### Task description:
Write out, word for word, every line from the one where "AR license plate 301MMA" occurs to the final line of the entries, and nothing beyond them.

### Records shown:
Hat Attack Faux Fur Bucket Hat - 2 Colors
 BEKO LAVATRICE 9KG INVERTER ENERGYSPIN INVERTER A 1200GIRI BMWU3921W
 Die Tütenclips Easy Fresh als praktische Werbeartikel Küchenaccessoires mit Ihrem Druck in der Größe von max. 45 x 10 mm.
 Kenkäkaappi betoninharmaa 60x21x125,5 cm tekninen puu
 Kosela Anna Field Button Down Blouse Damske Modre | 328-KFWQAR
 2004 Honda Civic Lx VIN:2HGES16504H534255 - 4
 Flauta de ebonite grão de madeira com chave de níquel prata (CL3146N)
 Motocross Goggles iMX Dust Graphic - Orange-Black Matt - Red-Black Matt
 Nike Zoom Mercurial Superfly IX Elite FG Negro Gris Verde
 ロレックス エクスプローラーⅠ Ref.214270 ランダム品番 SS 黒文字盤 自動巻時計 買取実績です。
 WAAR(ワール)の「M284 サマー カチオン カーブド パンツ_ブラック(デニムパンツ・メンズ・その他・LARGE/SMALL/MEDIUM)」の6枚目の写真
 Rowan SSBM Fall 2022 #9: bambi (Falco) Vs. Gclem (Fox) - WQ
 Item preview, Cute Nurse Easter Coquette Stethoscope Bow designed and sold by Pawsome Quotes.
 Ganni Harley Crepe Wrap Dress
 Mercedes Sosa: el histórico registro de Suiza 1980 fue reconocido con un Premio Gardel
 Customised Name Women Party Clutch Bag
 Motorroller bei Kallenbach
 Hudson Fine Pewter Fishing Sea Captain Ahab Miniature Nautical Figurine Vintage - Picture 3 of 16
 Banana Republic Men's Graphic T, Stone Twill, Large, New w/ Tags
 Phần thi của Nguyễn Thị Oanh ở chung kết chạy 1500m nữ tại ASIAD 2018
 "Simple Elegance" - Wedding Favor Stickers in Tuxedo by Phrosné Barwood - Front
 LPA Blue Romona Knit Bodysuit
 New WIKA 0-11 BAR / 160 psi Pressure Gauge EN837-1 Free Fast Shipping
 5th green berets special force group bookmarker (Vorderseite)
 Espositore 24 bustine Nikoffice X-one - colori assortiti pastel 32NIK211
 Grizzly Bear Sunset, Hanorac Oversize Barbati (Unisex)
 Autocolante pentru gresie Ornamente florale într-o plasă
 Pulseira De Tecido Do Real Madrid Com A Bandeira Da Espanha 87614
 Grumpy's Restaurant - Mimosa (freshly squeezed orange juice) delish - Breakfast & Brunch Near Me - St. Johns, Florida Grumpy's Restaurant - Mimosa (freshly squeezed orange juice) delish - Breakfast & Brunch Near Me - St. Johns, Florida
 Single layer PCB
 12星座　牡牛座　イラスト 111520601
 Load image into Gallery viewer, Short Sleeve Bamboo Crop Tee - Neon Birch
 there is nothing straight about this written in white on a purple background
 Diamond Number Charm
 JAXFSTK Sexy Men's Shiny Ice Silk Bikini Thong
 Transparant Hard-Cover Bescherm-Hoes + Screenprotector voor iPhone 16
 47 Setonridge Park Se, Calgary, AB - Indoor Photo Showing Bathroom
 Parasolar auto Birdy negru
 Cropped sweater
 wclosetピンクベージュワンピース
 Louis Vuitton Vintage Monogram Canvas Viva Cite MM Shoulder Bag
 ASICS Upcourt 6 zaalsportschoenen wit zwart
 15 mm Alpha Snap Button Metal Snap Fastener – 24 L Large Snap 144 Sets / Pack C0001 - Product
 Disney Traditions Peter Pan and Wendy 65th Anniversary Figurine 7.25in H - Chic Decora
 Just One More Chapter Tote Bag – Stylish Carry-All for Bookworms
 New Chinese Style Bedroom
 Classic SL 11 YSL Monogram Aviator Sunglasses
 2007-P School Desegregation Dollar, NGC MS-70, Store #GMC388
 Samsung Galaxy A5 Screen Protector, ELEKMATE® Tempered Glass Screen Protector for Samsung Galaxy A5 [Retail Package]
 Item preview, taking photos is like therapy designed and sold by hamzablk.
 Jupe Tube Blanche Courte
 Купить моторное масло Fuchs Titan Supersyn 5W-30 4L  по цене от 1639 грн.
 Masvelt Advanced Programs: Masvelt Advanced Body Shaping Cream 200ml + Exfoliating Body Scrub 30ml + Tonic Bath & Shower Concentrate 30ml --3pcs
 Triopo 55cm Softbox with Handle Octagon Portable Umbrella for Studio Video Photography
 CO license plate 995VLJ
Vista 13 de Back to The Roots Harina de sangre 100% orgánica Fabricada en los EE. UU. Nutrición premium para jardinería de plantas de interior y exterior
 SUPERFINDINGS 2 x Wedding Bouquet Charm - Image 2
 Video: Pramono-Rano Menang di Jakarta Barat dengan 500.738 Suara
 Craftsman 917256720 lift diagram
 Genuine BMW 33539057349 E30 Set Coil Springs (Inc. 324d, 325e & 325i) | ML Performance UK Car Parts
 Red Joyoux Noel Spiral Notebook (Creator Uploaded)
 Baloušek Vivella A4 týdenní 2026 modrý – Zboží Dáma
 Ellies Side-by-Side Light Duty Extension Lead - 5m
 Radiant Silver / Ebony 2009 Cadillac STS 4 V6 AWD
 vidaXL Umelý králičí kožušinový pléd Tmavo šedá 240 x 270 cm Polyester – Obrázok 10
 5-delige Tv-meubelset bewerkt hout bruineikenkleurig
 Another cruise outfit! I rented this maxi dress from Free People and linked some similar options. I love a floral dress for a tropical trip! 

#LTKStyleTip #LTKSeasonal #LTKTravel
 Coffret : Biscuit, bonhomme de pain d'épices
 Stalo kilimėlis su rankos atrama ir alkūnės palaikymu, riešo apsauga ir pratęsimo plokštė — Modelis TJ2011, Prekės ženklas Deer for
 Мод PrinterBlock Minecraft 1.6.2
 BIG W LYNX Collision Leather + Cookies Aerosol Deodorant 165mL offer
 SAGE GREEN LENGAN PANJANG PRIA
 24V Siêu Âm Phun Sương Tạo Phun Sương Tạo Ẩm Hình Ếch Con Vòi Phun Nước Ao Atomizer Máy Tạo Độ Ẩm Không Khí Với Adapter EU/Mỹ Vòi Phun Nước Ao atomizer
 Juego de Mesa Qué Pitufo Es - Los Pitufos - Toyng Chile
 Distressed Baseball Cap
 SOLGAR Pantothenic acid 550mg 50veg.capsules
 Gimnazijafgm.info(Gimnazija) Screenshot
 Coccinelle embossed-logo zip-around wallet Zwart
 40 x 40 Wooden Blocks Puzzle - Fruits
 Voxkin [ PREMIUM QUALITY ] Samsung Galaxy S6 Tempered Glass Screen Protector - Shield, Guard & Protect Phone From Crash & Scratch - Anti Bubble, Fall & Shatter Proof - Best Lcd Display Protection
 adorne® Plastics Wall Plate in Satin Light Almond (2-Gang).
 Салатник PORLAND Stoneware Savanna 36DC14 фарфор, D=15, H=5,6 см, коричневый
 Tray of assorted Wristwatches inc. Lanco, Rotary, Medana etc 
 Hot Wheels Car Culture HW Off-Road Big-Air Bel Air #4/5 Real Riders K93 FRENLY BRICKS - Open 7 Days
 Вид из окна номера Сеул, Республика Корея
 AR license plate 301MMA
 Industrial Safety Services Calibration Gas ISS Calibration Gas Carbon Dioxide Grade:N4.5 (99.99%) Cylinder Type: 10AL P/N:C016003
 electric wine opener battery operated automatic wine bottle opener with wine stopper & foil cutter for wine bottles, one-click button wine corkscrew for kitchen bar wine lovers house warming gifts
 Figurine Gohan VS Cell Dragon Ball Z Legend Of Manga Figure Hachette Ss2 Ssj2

### Written solution:
 AR license plate 301MMA
 Industrial Safety Services Calibration Gas ISS Calibration Gas Carbon Dioxide Grade:N4.5 (99.99%) Cylinder Type: 10AL P/N:C016003
 electric wine opener battery operated automatic wine bottle opener with wine stopper & foil cutter for wine bottles, one-click button wine corkscrew for kitchen bar wine lovers house warming gifts
 Figurine Gohan VS Cell Dragon Ball Z Legend Of Manga Figure Hachette Ss2 Ssj2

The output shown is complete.